For the past few years, the Lexus NX has been threatening to dethrone its larger sibling, the RX, as my pick for the just-right-sized Lexus SUV.
When the NX arrived back in the mid-teens, I thought it might be too small to be a convincing luxury crossover. But it and the RX grew, as vehicles always seem to do, and Lexus introduced a truly small SUV, the UX, and...here we are. For 2022, the NX line is all new, with sleeker, more aggressive styling and a much more premium vibe. Which, for Lexus, is saying something.
I drove the hybrid version, the former NX 300h, now the NX 350h. It's a 2.5-liter four-cylinder paired with two electric motors for a total system output of 239 horsepower. That's a 45 horsepower boost over last year's NX hybrid. Getting to 60 from a standing start should now take about seven seconds instead of the eight-plus in last year's model.
The big---no, HUGE---improvement comes in fuel economy. The '21's EPA average was 33 city/30 highway. The new NX 350h leaps to 41 city/37 highway.
All Lexus hybrids--UX, NX and RX---are all-wheel drive.
Inside, upgraded materials (again, for Lexus, that's saying something) and a new much, more modern cabin design including an infotainment screen that, for the first time, is a touchscreen, and close enough to touch.

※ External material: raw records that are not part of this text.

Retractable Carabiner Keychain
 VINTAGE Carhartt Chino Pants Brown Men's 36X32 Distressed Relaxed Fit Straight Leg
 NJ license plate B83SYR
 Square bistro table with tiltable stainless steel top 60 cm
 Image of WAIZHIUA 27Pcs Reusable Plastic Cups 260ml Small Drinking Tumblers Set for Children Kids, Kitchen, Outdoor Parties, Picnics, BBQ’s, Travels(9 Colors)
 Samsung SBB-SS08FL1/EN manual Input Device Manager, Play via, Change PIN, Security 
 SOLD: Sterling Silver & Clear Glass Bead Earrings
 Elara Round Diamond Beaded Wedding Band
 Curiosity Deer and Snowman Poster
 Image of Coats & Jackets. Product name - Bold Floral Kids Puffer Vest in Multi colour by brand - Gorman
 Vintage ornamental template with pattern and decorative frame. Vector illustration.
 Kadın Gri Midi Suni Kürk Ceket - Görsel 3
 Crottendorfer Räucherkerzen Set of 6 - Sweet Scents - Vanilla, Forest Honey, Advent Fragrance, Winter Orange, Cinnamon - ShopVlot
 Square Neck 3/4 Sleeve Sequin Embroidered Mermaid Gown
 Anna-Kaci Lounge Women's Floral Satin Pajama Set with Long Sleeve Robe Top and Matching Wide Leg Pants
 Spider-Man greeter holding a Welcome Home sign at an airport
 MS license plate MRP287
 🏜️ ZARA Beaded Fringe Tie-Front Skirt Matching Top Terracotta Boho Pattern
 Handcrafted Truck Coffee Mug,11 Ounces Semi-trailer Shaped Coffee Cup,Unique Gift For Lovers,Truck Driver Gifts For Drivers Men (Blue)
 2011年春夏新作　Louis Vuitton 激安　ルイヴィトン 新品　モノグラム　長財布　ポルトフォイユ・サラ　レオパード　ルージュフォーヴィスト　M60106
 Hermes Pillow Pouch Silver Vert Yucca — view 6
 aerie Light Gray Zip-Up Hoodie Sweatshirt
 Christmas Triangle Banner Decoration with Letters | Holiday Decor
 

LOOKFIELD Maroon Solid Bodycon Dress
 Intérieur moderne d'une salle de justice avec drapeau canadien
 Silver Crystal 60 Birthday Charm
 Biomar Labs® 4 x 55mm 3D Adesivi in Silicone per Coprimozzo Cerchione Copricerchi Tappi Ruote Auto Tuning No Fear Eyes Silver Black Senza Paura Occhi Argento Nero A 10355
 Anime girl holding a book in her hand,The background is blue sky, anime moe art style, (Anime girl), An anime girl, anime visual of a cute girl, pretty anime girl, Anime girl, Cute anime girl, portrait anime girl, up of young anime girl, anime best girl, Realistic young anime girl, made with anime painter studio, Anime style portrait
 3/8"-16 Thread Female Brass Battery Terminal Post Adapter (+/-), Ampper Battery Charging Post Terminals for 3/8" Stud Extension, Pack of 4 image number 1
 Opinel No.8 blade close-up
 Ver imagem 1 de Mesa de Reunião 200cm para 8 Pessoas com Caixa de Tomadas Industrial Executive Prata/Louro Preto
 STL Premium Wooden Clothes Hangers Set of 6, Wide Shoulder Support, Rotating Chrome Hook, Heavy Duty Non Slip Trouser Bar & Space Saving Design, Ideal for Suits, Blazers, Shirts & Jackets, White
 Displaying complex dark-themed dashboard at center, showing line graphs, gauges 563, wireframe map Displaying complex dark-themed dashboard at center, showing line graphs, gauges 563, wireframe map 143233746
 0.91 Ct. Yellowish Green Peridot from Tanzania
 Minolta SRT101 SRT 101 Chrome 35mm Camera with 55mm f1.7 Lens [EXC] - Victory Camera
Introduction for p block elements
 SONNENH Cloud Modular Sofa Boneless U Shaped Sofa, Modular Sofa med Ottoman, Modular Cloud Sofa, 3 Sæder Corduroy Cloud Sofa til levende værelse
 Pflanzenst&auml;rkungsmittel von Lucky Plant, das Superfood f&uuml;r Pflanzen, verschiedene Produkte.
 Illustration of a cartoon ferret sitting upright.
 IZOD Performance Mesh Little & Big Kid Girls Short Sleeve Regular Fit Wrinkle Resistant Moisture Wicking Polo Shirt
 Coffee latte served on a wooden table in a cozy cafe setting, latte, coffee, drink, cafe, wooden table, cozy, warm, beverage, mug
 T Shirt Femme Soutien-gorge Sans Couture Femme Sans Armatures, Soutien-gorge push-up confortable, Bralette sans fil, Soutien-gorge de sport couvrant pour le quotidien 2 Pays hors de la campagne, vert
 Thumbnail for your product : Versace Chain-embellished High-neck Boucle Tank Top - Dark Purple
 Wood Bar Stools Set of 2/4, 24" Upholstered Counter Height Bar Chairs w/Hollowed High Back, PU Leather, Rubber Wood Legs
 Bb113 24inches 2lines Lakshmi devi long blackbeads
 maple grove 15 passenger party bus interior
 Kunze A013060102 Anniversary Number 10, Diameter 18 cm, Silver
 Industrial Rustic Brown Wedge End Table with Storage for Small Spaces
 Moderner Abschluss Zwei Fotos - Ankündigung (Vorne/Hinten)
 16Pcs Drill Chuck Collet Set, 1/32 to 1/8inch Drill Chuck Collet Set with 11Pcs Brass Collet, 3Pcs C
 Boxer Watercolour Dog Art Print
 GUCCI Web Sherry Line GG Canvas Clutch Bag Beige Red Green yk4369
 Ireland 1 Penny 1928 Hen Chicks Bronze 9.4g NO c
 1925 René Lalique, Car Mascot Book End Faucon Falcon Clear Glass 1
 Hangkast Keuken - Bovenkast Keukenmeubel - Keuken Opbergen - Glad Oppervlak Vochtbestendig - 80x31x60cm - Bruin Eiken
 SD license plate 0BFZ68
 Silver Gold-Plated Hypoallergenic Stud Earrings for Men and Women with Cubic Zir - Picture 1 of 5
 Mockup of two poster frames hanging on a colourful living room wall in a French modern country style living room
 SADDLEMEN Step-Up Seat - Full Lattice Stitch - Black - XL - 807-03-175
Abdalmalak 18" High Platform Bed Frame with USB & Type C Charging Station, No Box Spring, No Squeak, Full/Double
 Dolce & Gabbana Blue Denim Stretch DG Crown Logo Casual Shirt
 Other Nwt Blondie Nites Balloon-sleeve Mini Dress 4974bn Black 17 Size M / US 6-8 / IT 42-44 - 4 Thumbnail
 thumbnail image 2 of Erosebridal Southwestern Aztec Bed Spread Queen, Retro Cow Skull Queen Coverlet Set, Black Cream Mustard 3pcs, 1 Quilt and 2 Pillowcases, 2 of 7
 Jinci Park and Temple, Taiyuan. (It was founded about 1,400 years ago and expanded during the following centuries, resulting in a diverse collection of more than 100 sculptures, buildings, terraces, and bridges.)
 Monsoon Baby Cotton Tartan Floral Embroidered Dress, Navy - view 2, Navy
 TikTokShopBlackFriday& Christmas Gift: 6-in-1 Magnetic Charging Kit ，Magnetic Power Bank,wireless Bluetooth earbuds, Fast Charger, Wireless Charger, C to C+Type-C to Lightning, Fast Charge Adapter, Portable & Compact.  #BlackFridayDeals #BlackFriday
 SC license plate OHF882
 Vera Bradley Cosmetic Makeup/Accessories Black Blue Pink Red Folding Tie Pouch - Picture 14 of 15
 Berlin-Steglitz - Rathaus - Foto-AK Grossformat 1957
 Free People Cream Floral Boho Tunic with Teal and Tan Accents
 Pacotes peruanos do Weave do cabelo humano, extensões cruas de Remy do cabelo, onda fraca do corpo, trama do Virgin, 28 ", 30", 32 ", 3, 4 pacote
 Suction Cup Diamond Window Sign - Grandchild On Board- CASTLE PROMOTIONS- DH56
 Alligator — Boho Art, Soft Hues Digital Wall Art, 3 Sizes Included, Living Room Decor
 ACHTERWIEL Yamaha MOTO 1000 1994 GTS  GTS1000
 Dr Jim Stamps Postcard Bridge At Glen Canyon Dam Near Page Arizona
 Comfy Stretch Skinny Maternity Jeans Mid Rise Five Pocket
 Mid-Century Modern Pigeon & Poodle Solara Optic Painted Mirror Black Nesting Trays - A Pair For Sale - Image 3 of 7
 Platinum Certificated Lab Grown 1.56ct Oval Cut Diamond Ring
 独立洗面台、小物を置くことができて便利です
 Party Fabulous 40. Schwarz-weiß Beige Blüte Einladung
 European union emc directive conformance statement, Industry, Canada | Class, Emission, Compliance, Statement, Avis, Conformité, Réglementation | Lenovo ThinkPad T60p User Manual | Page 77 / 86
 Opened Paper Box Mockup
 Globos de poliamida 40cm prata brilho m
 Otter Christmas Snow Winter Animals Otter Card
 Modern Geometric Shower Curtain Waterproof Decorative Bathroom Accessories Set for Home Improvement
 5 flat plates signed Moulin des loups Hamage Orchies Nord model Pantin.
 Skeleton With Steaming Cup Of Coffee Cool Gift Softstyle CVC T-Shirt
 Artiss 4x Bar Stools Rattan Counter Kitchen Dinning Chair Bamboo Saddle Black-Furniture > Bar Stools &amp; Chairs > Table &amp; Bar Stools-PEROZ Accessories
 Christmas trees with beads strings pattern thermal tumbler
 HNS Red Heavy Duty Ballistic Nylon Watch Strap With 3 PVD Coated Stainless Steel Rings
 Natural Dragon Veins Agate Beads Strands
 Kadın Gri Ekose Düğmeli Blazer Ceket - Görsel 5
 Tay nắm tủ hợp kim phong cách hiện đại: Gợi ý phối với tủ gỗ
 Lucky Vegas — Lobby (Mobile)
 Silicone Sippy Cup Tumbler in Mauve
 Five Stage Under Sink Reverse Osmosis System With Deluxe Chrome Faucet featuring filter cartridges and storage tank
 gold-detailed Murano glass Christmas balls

The base price of the 2022 Lexus NX 350h is $42,125. Our tester had the Luxury Package ($7,450) which upgrades the wheels to 20-inch 20-spoke alloys and adds a perforated leather interior with unique chevron seat quilting, four-way lumbar support for the driver, a ten-inch head-up display, a 14-inch touchscreen, a trial of Lexus' Drive Connect with cloud-based navigation, Google points-of-interest data, and intelligent assistant including "Hey Lexus", driver seat, steering wheel and outside mirror memory, a moonroof, a power liftgate with kick sensor, rain-sensing windshield wipers and a power tilt-and-telescopic steering column. That puts the bottom line at $49,575.
It's all good until you get to the new infotainment system. It should be fantastic, right? It does away with the reviled Lexus trackpad, allows you to touch the controls, and maintains a physical knob for volume and two nice, big ones for temperature control.
But someone at Lexus---well, to be honest, Toyota (the new Tundra has the same system), decided to complicate it.
See, full functionality only happens with an account and an app. That's fine. The app is kinda cool and lets you do some neat stuff---locking and unlocking, starting remotely---keeping track of where the car is and whether it's locked, unlocked, windows are up or down...whatever.
But the infotainment system wants you to log in for things like Apple CarPlay and full functionality. I'll admit to laziness and just using the guest menu when I had the Tundra. But I felt guilty about that, so this time, I went through the process the right way. All this would be fine if you did it once, got in the car and the car remembered who you were. But no---it wants you to log in every. damn. time.
And that doesn't just mean touching the screen where your name appears, it means entering a six-digit personal identification number (PIN). Sound like a pain? Wait until it doesn't work----five times in a row.
I've talked to a few new Toyota and Lexus owners. It's not just our tester. It's not uncommon. They say they've been told there's an over-the-air software update coming that will fix it. But it hasn't happened yet. And these infotainment units have been on the market for six months now.
Lexus and Toyota have incentive to get this cured. Reliability scores are affected dramatically by things like people's frustration with user interfaces. It would be a shame to see Lexus' deservedly tremendous reputation for quality suffer when the car wrapped around the glitchy software is just so good.